Toki Talks - Identity and commitment

2025/07/31

Welcome back!

Welcome back to another Toki Talks! These Toki Talks are supposed to be done on Tuesdays, but I quite frankly couldn’t think of anything to write about until now, so better sooner than later!

I set very rigid “concepts” in my head (sub-categorization)

I think a big portion of this problem comes from the fact that I love to separate things and create order of things I cannot understand. It’s a problem, and it’s a fundamentally flawed way of thinking for multiple reasons, but it’s not without its upsides because clearly it has shown some success in my life.

Identity

I think the best example of this is through my own identity. Let’s say that I want to program, and I want to make websites. There are always stereotypes and the new cool think to talk about when it comes to web development, and I find that I spend a lot of time trying to fit into what that is colloquially instead of actually doing the programming. It’s been this way for my entire life. It’s like if I want to do something, I have to first prove that I am really invested and “in the know” about it on some surface level so I can get by in conversation (i.e. set-up my “programmer” mask) before I can dive head first into anything. Then once I have dove in, I then over-think whether this is something I want to be for an extended period of time or, if this is what I want to be.

Another strong example of this was when I was first learning Spanish. For those who don’t already know, I am Chilean. Half Chilean to be exact. My mother was born and raised in Chile and had me when her and my dad settled in Canada. I didn’t learn Spanish as a kid however. I didn’t want to learn Spanish, because I wanted to be like my dad who spoke English like a radio broadcast (which he was at the time LMAO). Then later in life when I wanted to learn Spanish, I learned all about Chilean informal language to form some sort of identity around being Chilean and speaking Spanish. I did the same with other cultures too so I could be part of some sort of collective, some sort of community. I guess the best way to describe this is I’ve always been a chameleon. I can blend into almost any situation and get by, which makes me seem knowledgeable and social.
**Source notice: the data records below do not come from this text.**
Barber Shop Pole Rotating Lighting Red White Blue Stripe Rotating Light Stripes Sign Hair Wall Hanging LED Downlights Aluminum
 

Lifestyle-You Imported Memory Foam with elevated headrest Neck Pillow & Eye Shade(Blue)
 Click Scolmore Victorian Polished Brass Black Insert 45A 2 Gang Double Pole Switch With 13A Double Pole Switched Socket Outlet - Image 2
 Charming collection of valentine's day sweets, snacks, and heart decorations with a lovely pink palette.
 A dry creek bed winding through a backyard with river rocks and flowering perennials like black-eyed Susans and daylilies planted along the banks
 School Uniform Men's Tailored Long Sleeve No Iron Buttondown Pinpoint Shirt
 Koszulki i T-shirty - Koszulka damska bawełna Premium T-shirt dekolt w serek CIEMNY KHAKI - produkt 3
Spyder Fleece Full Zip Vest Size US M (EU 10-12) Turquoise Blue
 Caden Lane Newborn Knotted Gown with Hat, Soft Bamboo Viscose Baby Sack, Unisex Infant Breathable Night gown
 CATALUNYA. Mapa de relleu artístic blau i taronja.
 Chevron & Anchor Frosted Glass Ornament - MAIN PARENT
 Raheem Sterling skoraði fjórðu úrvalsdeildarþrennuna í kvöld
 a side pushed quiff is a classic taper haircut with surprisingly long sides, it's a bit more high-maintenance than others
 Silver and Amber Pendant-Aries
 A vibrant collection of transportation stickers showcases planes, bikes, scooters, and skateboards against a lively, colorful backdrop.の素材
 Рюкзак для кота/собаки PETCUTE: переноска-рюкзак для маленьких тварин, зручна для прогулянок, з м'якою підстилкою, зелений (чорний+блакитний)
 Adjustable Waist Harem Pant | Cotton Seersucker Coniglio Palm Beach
This is applied to basically any romance language I have dabbled in, since that’s the language family I am the most familiar with. I speak French very odd, like someone who grew up in Montréal in an Anglophone community. I was born and raised in Southern Ontario. It’s just the colloquial identity I have attributed to my French.

I definitely don’t think that I am NOT knowledgeable in these things I blend in to. It’s just that I have my skill tree unbalanced in the direction of things that don’t really matter as much/aren’t as important for someone who is starting out in acquiring a new skill and wants to grow a solid foundation.

Identity hinders my ability to commit

I think most people can say the same for themselves, but I really have a hard time committing to something that many can relate to, especially those with ADHD. I have a hard time regulating dopamine, and with this I have both a blessing and a curse. I can basically tackle anything that I wish, but with the trade-off of me getting “bored” of it or getting too perfectionistic over it, to the point of doing nothing and never having any output. I’ve had this problem with YouTube, songwriting, and my education. I’ve had this problem with programming too.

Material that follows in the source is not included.